Nate Noel

Profile
- Position: Running back

Personal information
- Born: May 4, 2002 (age 24) Miami, Florida, U.S.
- Listed height: 5 ft 8 in (1.73 m)
- Listed weight: 200 lb (91 kg)

Career information
- High school: Miami Northwestern Senior
- College: Appalachian State (2020–2023) Missouri (2024)
- NFL draft: 2025: undrafted

Career history
- Miami Dolphins (2025)*; Indianapolis Colts (2025)*; Birmingham Stallions (2026)*;
- * Offseason or practice squad member only

Awards and highlights
- First-team All-Sun Belt (2021);
- Stats at Pro Football Reference

= Nate Noel =

American football player (born 2002)

Nate Noel (born May 4, 2002) is an American professional football running back. He played college football for the Appalachian State Mountaineers and Missouri Tigers.

== Early life ==
Noel attended Miami Northwestern Senior High School in Miami, Florida, winning state titles in both track and football. He was rated as a three-star recruit and committed to play college football for the Appalachian State Mountaineers.

== College career ==
=== Appalachian State ===
As a freshman in 2020, Noel rushed 82 times for 510 yards and three touchdowns.

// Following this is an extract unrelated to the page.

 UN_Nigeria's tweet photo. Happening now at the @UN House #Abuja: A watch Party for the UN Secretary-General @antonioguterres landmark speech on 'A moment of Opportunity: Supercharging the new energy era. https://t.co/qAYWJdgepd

In 2021, he had a breakout season leading the Sun Belt Conference, running for 1,126 yards and four touchdowns on 199 carries where for his performance he was named first-team all Sun Belt. In 2022, Noel notched 604 yards and six touchdowns on 87 carries. In 2023, he rushed for 834 yards and five touchdowns on 173 carries for the Mountaineers, while also hauling in 16 receptions for 86 yards. After the conclusion of the 2023 season, Noel entered his name into the NCAA transfer portal.

=== Missouri ===
Noel transferred to play for the Missouri Tigers. In week four of the 2024 season, Noel rushed 199 yards on 24 carries as helped the Tigers to a win over the Vanderbilt Commodores.

==Professional career==

Pre-draft measurables
| Height | Weight | Arm length | Hand span | 40-yard dash | 10-yard split | 20-yard split | 20-yard shuttle | Three-cone drill | Bench press |
| 5 ft 7+7⁄8 in (1.72 m) | 194 lb (88 kg) | 29+3⁄8 in (0.75 m) | 9+7⁄8 in (0.25 m) | 4.52 s | 1.59 s | 2.57 s | 4.38 s | 7.21 s | 16 reps |
All values from Pro Day

===Miami Dolphins===
On May 9, 2025, Noel signed with the Miami Dolphins as an undrafted free agent after going unselected in the 2025 NFL draft. He was waived on July 28.

===Indianapolis Colts===
On August 9, 2025, Noel signed with the Indianapolis Colts. He was waived on August 25.

===Birmingham Stallions===
On January 14, 2026, Noel was drafted by the Birmingham Stallions. He was released on March 19.